Title: Empowering Data Management, Diagnostics, and Visualization of Cloud-Resolving Models (CRMs) via a Cloud Library based upon Spark and Hadoop
Presenting Author: Wei-Kuo Tao
Organization: NASA GSFC
Co-Author(s): Shujia Zhou, Northrop Grumman Information Technology Xiaowen Li, Morgan State University Xian-He Sun, Illinois Institute Technolog Toshihisa Matsui, University of Maryland, College Park

Abstract:
In AIST14 project, we have developed a Super Cloud Library (SCL), capable of high-resolution cloud resolving model (CRM) database management (IO control and compression), distribution, visualization, subsetting, and evaluation. SCL architecture is built upon a Hadoop framework. The Hadoop distributed file system (HDFS) is a stable, distributed, scalable and portable file-system. The Hadoop framework supports Python, which enables 2D and 3D visualization via IDL code wrappers.
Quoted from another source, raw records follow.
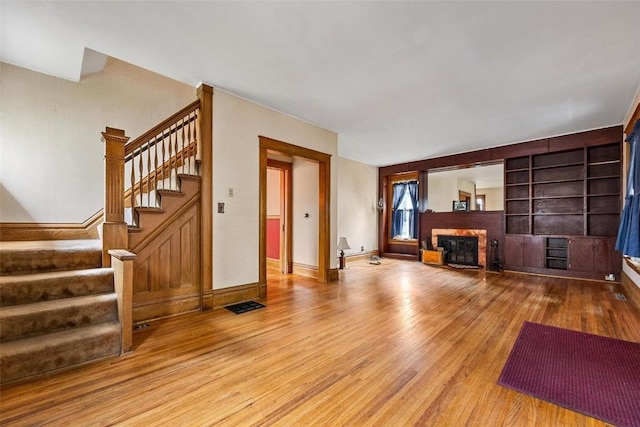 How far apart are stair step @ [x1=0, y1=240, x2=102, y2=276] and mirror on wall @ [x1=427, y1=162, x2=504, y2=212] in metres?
7.14

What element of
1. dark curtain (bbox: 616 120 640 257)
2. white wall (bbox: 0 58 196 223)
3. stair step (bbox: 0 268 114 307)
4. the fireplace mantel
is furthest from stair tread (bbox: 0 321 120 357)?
the fireplace mantel

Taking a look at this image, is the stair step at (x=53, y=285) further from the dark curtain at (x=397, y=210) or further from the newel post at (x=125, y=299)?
the dark curtain at (x=397, y=210)

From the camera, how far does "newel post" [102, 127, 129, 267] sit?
2602mm

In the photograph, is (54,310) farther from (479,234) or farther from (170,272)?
(479,234)

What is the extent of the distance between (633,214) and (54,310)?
5934mm

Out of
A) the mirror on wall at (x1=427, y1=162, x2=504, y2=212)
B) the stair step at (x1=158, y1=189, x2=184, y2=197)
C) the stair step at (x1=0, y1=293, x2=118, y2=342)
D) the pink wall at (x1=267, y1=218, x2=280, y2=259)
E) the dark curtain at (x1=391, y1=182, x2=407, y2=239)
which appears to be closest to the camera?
the stair step at (x1=0, y1=293, x2=118, y2=342)

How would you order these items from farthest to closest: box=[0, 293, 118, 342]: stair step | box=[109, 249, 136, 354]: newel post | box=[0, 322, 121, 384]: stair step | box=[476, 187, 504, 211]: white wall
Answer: box=[476, 187, 504, 211]: white wall, box=[109, 249, 136, 354]: newel post, box=[0, 293, 118, 342]: stair step, box=[0, 322, 121, 384]: stair step

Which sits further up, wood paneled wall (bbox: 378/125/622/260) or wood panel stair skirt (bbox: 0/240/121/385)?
wood paneled wall (bbox: 378/125/622/260)

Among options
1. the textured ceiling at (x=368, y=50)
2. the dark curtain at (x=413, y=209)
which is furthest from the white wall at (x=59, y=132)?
the dark curtain at (x=413, y=209)

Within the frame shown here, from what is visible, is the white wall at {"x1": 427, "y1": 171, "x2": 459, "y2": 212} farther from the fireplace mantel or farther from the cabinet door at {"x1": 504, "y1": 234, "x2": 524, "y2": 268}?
the cabinet door at {"x1": 504, "y1": 234, "x2": 524, "y2": 268}

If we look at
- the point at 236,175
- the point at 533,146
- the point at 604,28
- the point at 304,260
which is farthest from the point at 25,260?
the point at 533,146

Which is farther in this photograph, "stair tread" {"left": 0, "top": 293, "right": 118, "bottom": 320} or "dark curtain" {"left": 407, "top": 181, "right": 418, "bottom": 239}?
"dark curtain" {"left": 407, "top": 181, "right": 418, "bottom": 239}

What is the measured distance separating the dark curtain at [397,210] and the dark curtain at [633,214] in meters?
4.67

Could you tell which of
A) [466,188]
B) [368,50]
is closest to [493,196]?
[466,188] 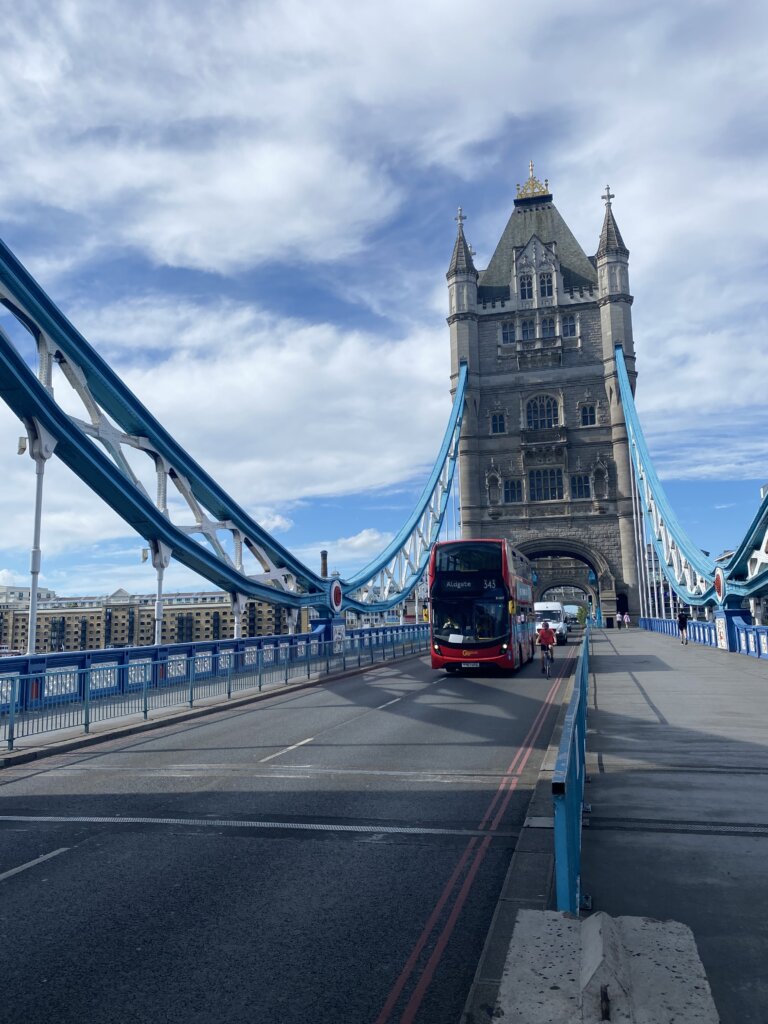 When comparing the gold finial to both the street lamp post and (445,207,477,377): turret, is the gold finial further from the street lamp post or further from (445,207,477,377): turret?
the street lamp post

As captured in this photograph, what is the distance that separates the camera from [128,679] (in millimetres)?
15469

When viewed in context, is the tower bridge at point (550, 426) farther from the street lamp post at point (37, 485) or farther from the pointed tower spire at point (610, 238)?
the street lamp post at point (37, 485)

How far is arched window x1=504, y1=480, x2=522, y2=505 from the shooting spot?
6378 cm

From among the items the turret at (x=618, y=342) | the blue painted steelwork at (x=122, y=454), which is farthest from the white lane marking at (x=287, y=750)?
the turret at (x=618, y=342)

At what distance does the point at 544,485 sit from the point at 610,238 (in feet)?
72.7

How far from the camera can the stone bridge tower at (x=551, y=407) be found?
61.6 m

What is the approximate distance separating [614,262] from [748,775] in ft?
208

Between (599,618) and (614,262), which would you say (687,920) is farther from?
(614,262)

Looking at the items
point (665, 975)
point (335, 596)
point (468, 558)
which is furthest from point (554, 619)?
point (665, 975)

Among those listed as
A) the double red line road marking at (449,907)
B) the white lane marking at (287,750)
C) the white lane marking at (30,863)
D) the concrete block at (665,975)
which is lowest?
the white lane marking at (30,863)

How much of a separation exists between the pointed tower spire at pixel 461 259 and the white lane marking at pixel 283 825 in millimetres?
66109

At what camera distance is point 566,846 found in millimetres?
4316

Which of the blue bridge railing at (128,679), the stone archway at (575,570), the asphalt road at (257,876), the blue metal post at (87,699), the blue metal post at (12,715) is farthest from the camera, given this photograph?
the stone archway at (575,570)

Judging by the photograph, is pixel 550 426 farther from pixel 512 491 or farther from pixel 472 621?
pixel 472 621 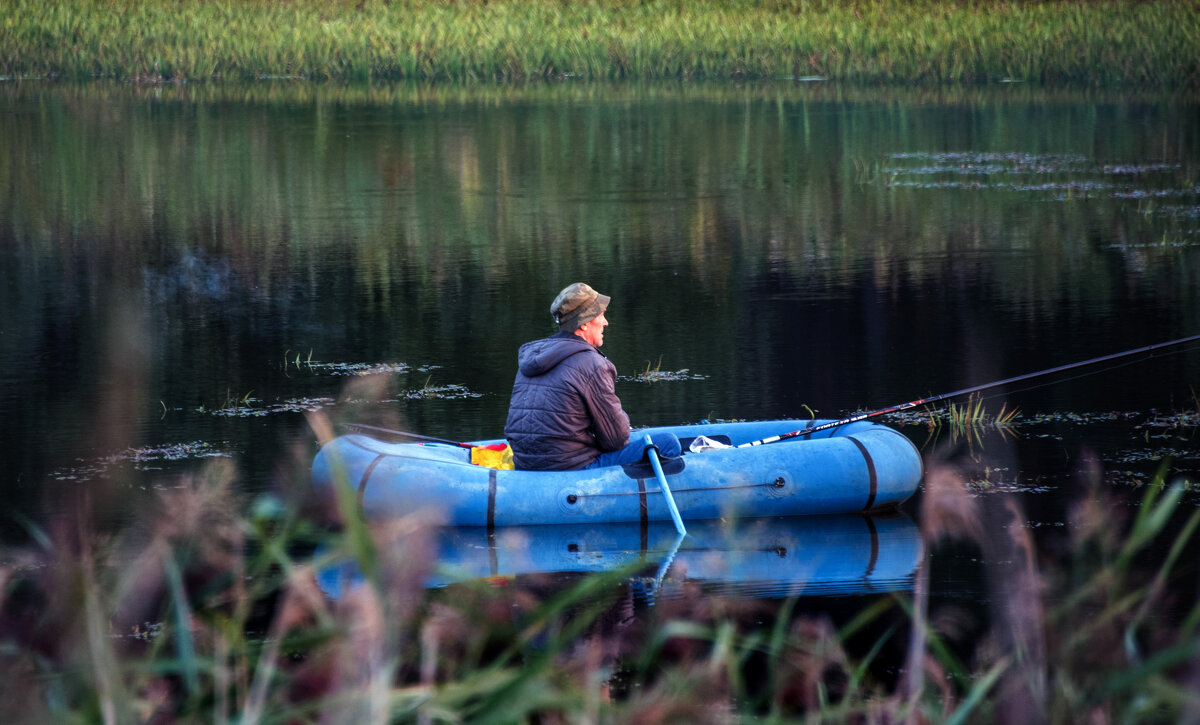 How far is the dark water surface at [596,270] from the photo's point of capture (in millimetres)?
8805

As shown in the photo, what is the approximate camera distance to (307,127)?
23891mm

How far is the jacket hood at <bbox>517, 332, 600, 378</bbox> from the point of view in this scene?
7.26 metres

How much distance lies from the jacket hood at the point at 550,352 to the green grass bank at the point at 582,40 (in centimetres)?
2136

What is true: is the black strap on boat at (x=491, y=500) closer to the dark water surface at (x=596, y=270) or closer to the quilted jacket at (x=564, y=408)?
the quilted jacket at (x=564, y=408)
Furthermore, Hadoop R enables various standard/non-standard statistics and their visualization. Within the Hadoop framework, a CRM’s diagnostic capabilities are further enhanced with Spark, built on top of HDSF, which accelerates the Hadoop MapReduce process by ~100 times. The SCL is built on the NCCS Discover system, which directly stores various CRM simulations, including the NASA-Unified Weather Research and Forecasting (NU-WRF) and Goddard Cumulus Ensemble (GCE) models. Thus, SCL users can conduct large-scale on-demand tasks automatically, without the need to download voluminous CRM datasets and various observations from NASA field campaigns and satellite data to a local computer.